Silently creeping out of the mysterious dungeons where they lurk, the death/doom metal band Dragged into Sunlight is back after half a decade with a new release. Known for their dark, twisted experience that was their 2009 debut Hatred for Mankind, Dragged into Sunlight is a name that has been echoed in the underground hall of fame, yet had not released any recent music for half a decade. I think part of the appeal of this band is their “on our own terms” persona, an image heightened by recent accusations they’ve levied against their former label. Without even an interest in revealing the identities of the members or the location of origin, the band writes and releases whatever odd album it wants, be it a first-class doom metal album, an odd 2015 collaboration with fellow band Gnaw Their Tongues, or in this case… a single 28 minute track.

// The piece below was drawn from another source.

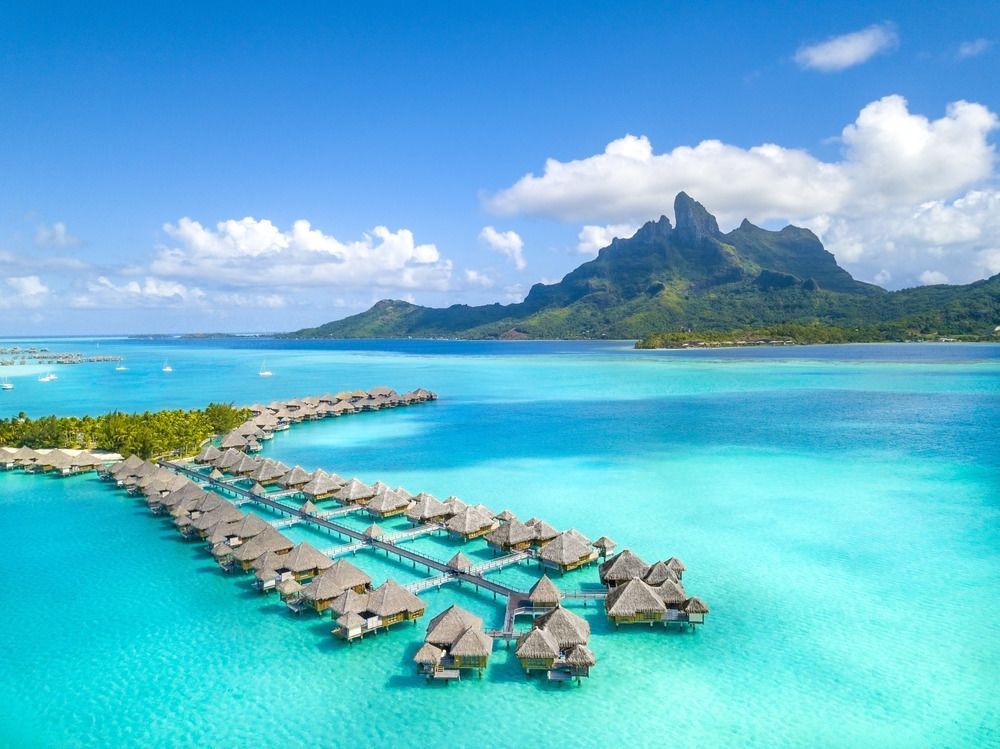 bora bora An aerial view of a resort in the middle of the ocean.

Terminal Aggressor II is technically a single, but due to its enormous length I like to refer to it as an EP. Many readers or listeners would naturally question why a single track would extend to this length, so I’ll answer that first. As it turns out, the answer lies in the pacing. The track very slowly builds up to a climax over such a long period that the true “song” begins halfway through. The first half of the track could probably qualify as some ambient noise track. Even the first three minutes are little more than static! But despite how unappealing that may sound, it’s actually quite sensible because it plays to Dragged into Sunlight’s strengths. This band has proven in the past that they can create a morbose, uncomfortable atmosphere with their music, but they need time to build it up and set the scene. 


And it works very well, because by the time the metal kicks in, the mood is set up and the listener already has an image of the setting in their head, and the music can take advantage of that. I previously mentioned that they were a death/doom metal band, but the genre of this music isn’t as clear-cut as I’m making it out to be. I’ve already hinted that the first half of this track is more dark ambient than metal, but what about the second half? You can expect a lot of extreme influences here. It has the extremity and heaviness of death metal, despite not nearly matching the conventional speed of the genre. It instead shares the same speed as slower, doom-like or sludge-like bands such as Eyehategod. I’m not saying they’re comparable to Dragged into Sunlight on an atmospheric level, but the pace these bands perform at is quite similar.


There are smaller examples of various other influences, like the occasional guttural vocals that sound like they were taken from Whitechapel, or the depressive, nihilistic sound that grim bands such as Xasthur or Leviathan would abuse. And boy, is it nihilistic! Definitely a difficult listen for the average person, and even for a seasoned metalhead, this may be one of the more extreme releases that will come out this year. And it keeps building on to itself as it progresses. More and more does the rhythm of the song change, and with it follow the background noises and the little bells and whistles: fuzzy static, quote sampling, extended guitar notes that turn into piercing sounds… this is all thanks to the mixing, which gives each instrument and sound some time and space to be heard, but not compromising the brutality of the track itself.


Overall, it’s a great experience, and it pays off well if one has the patience to listen through the whole thing. I daresay it’s even the best metal release from January. I think that if any metalhead reading this can take darker music, or if there are any dark ambient fans that don’t mind metal, this should be one to check out. Hopefully it doesn’t take another half-decade to hear from this band again.